Opposite sex lip locking can often lead to a pair bonding and spawning. It is believed to be a way for two fish to size each other up and decide if they are compatible, as in is the female strong enough for the male and vice verca.

As for Bolivian rams, they are a social species, and often do better in a group rather than as a pair. In a 70 gallon tank I would look to have atleast 5 or 6. This way aggression will be spread amongst the group, and if a pair forms, they will pick a spawning site and defend a territory around this site.


----------



## marvo (Nov 24, 2010)

not sure rams should b in that tank DeadFishFloating
gave you good advise


----------



## sian (Feb 4, 2011)

DeadFishFloating said:


> lip locking can be a sign for a couple of different things.
> 
> Same sex lip locking occurs when two fish are fighting for dominance. Similar to two male rams butting heads. Unfortunately, often the losers becomes a victim and can waste away untill it dies or is continually harassed until it dies from stress. Other times the loser is relegated to a small corner of the tank.
> 
> ...


Thanks....I had someone from an aquarium shop to have a look he advised me getting another 2 or 4 rams or wait till the two I have are older.. When he tried to have a look both rams disappeard..Thats when he said get more to even out the aggression...Similar to what you have said..


----------



## sian (Feb 4, 2011)

marvo said:


> not sure rams should b in that tank
> 
> Can I ask why???


----------



## sian (Feb 4, 2011)

http://s356.photobucket.com/albums/oo9/ ... er%20fish/

Here are some pics of my fish! They are a blurred my camers doesn't work so I used my phone which is useless! ( It is the phone camera honestly  )


----------



## sian (Feb 4, 2011)

I have added two more rams as thats all they had at my LFS, they did fight a fair bit for half a week so I changed the setting of the tank, and now the four seem pretty happy with each other..As it turns out I now have two males and two females and so far they are ok!......The new rams a bigger and browner than my older rams, And someone told me there are different bolivian rams to be had....Thats the first I've heard about that,..

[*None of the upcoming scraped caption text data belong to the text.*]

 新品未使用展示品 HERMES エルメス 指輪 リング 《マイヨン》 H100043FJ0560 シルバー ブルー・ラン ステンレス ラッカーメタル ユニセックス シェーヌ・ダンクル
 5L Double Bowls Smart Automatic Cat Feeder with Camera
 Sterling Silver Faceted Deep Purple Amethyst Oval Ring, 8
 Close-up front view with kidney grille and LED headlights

I know I seem don't know what I'm doing lol, But I have been keeping fish for years cold water mainly!.. :fish: :fish:


----------



## Guest (Feb 21, 2011)

i have a male and female bolivian ram in a tank with a whole bunch of otehr stuff... german blue rams and electric blue rams, rainbows, corries, plecos, and a bunch of "sharks" and the bolivian rams are fine and show no aggression.. i am going to get a bunch more thou when i trade in some africans females i dont want/need


----------